Provided records –
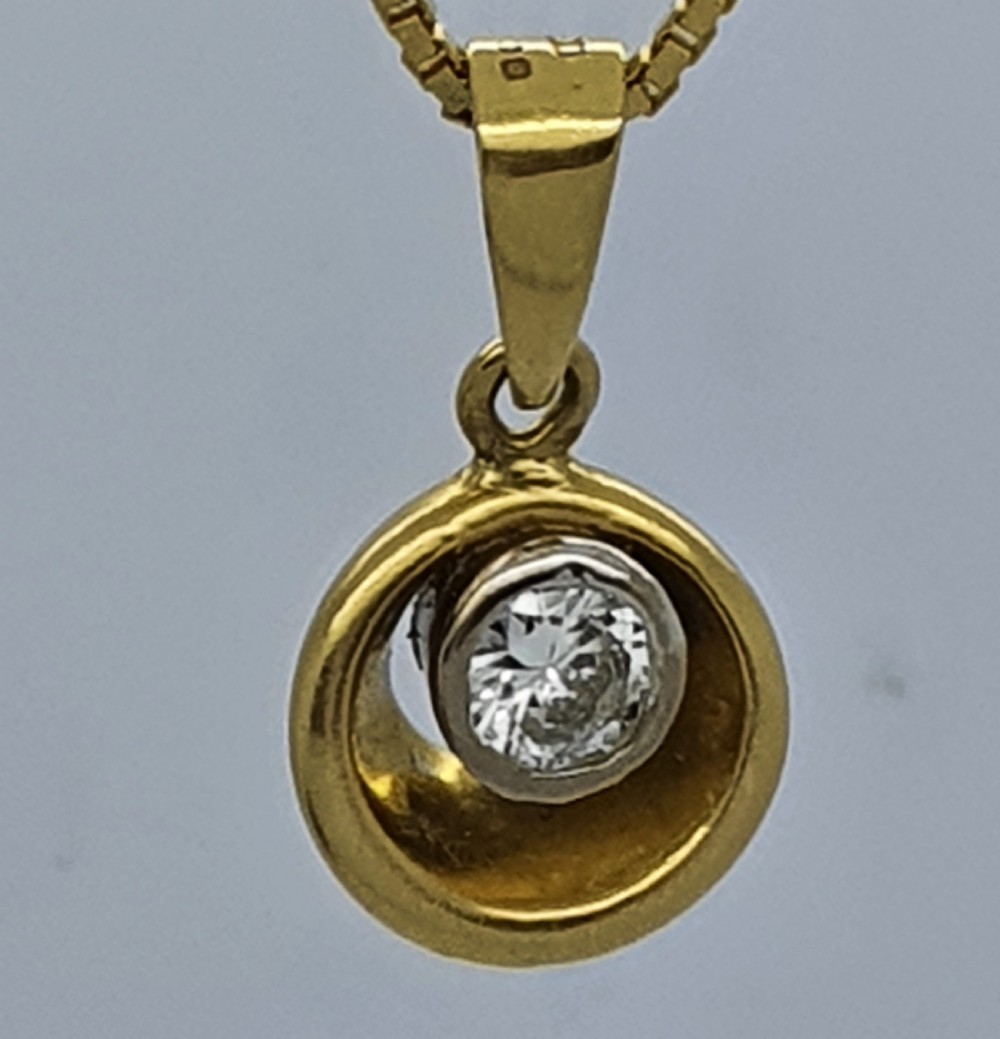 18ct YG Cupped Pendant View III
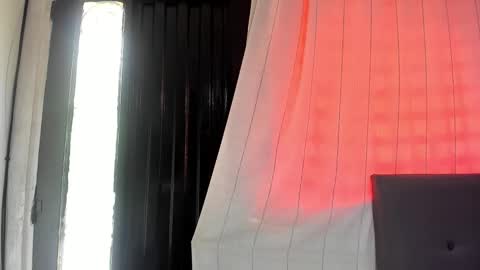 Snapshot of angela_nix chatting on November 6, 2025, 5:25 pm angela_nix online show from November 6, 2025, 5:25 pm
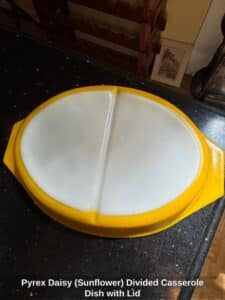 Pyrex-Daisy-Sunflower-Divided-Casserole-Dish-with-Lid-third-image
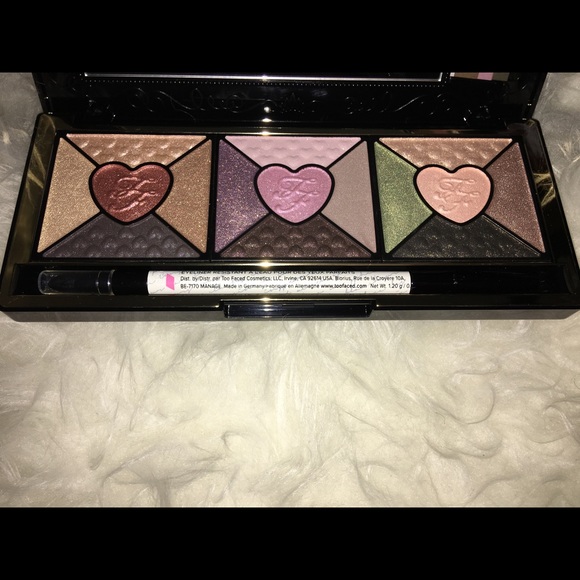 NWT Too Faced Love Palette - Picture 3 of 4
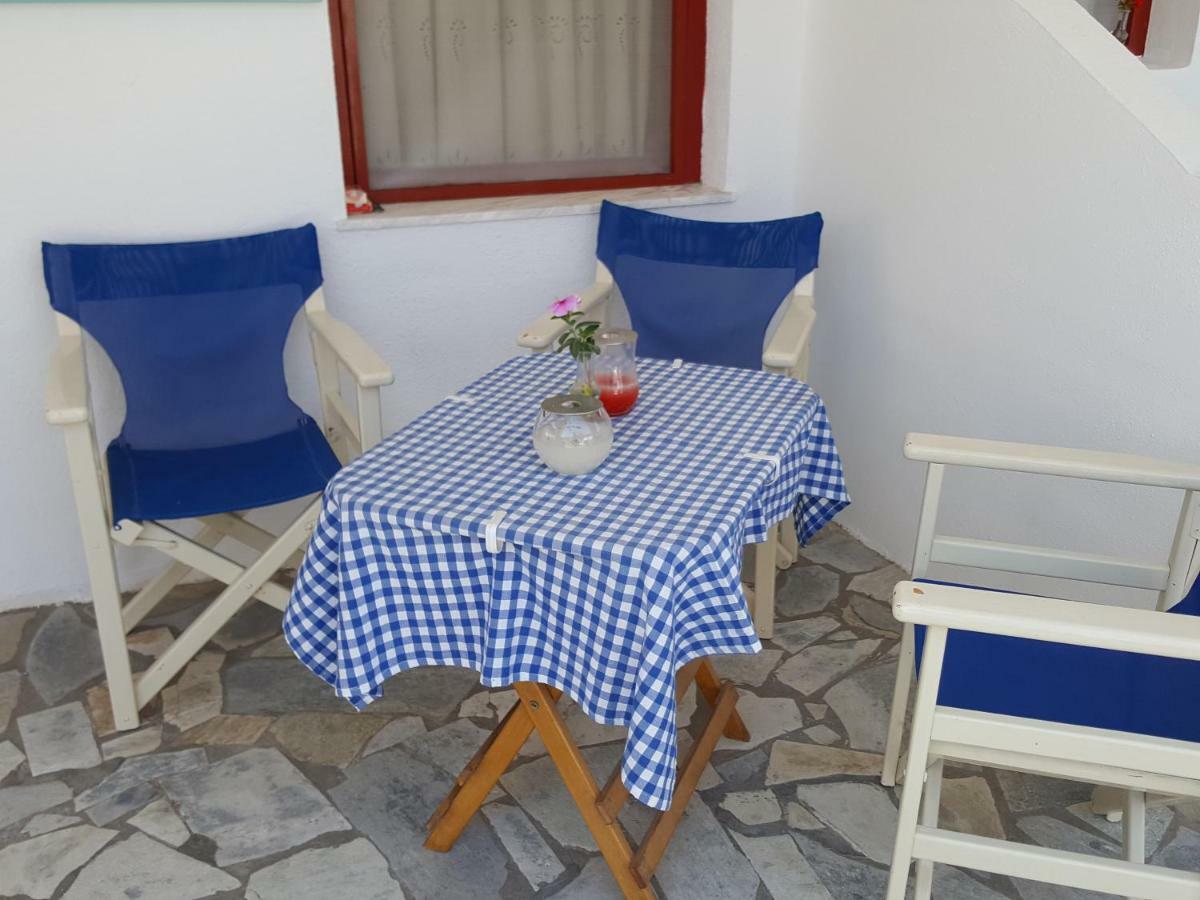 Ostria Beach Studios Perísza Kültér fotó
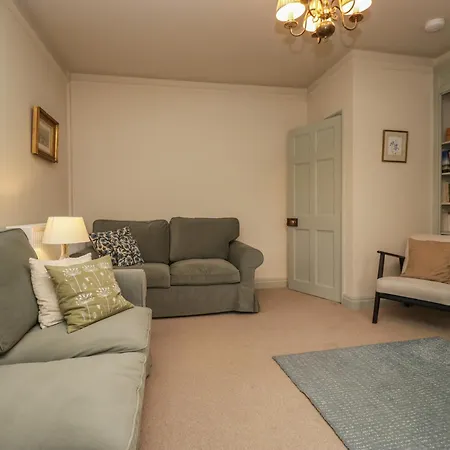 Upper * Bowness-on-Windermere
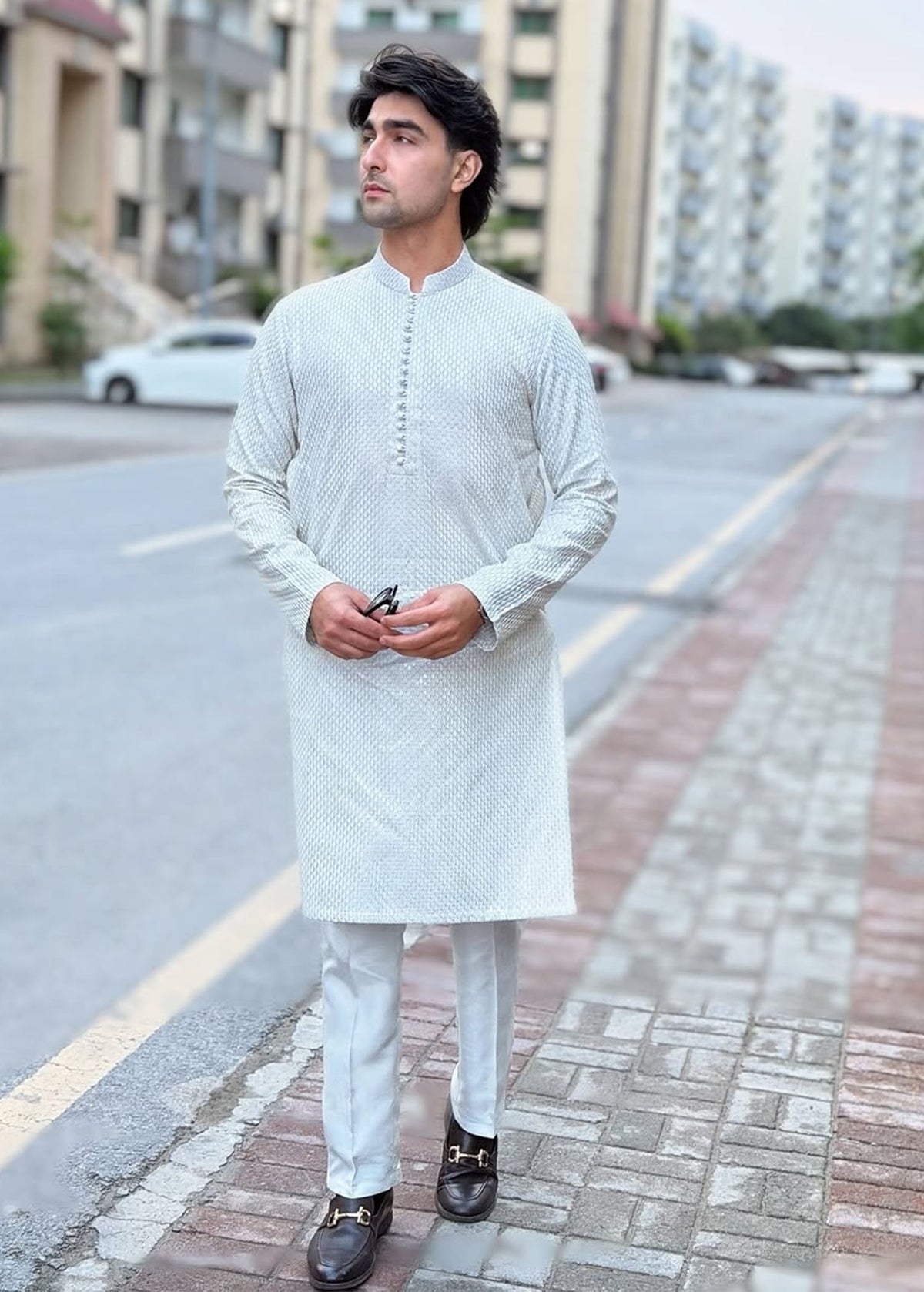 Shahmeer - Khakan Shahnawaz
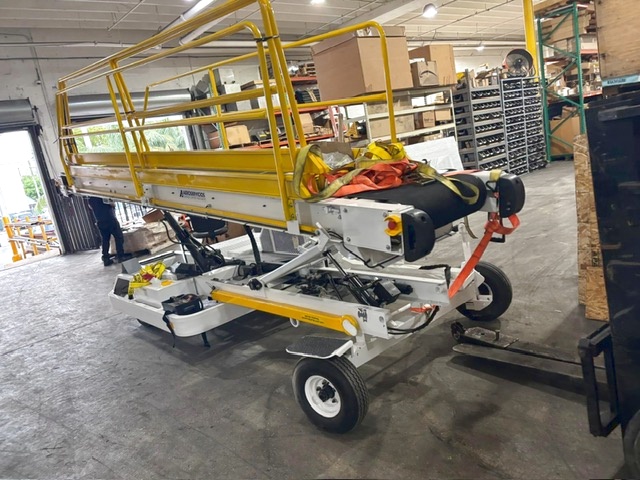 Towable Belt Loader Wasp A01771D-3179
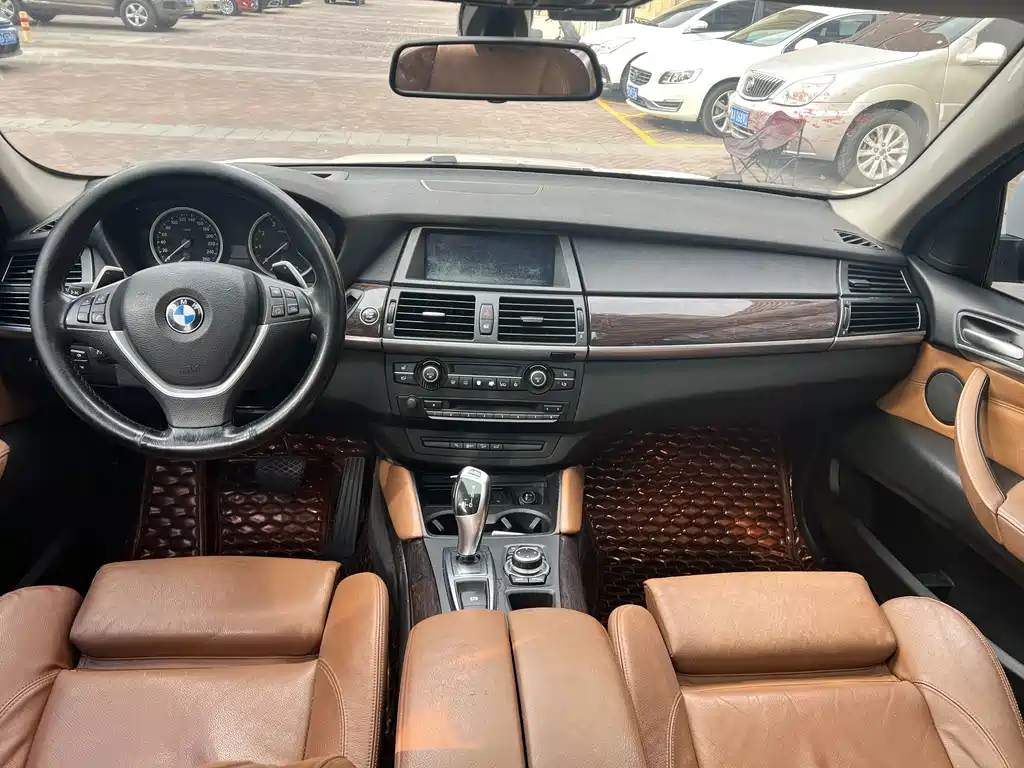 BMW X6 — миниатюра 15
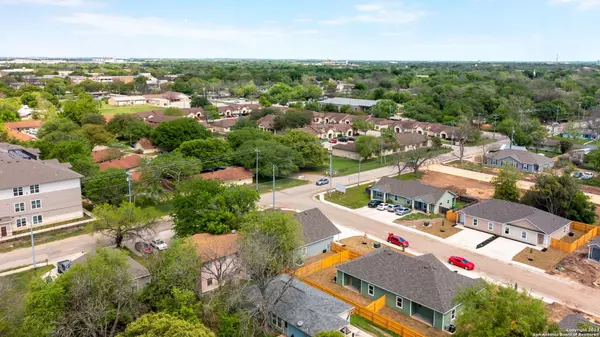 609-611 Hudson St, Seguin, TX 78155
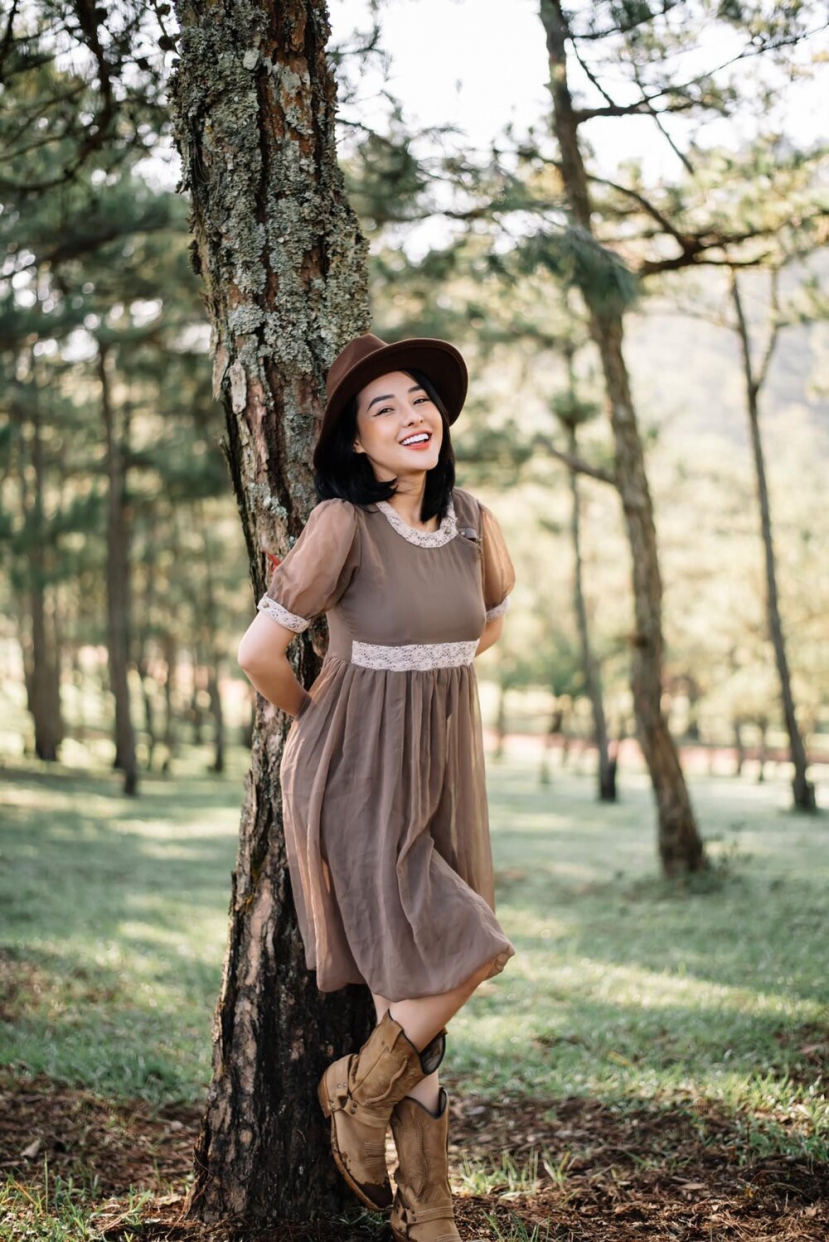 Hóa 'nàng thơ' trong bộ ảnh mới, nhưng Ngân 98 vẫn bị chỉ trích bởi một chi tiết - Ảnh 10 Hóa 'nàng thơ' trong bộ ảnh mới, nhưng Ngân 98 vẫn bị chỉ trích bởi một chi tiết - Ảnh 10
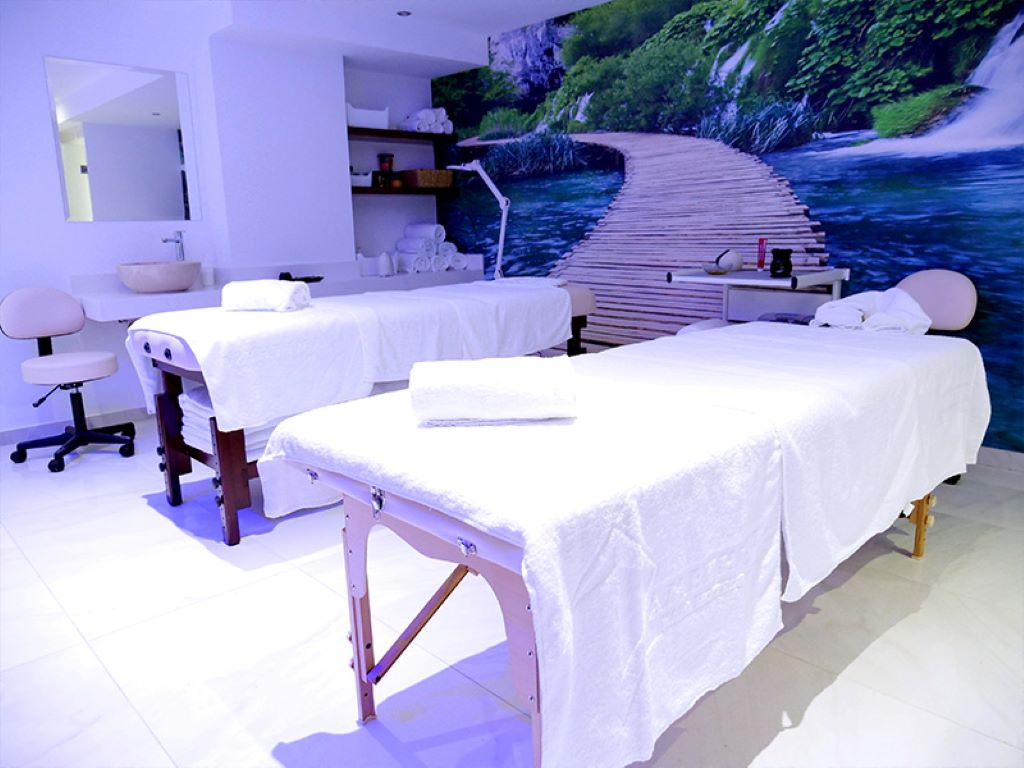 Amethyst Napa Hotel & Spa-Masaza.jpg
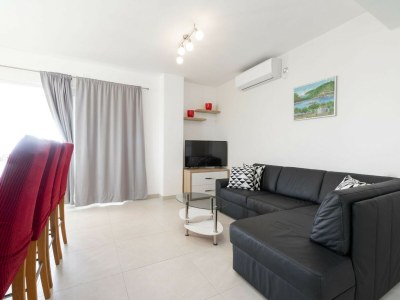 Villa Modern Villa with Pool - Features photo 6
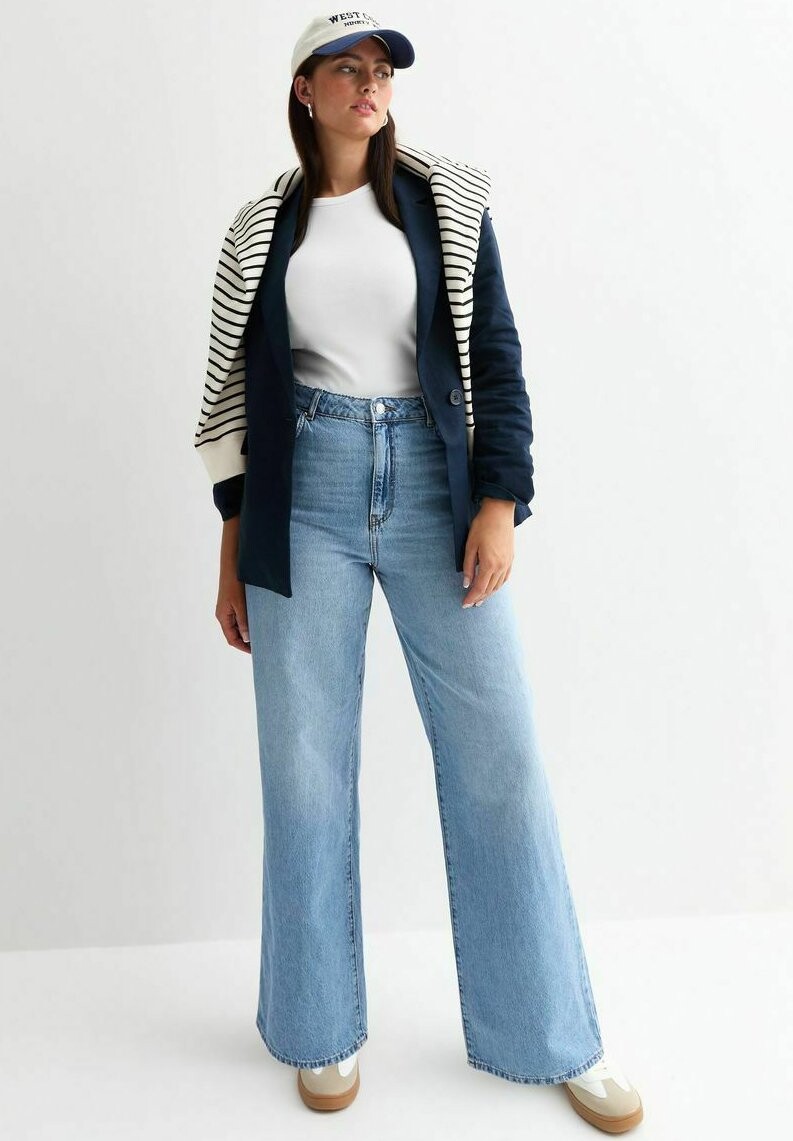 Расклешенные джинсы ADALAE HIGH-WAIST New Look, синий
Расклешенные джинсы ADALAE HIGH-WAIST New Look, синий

Directions – Write out each line of the data above exactly, starting at the top and finishing with the line containing "Shahmeer - Khakan Shahnawaz"; omit the pictures.

Task response –
 18ct YG Cupped Pendant View III
 Snapshot of angela_nix chatting on November 6, 2025, 5:25 pm angela_nix online show from November 6, 2025, 5:25 pm
 Pyrex-Daisy-Sunflower-Divided-Casserole-Dish-with-Lid-third-image
 NWT Too Faced Love Palette - Picture 3 of 4
 Ostria Beach Studios Perísza Kültér fotó
 Upper * Bowness-on-Windermere
 Shahmeer - Khakan Shahnawaz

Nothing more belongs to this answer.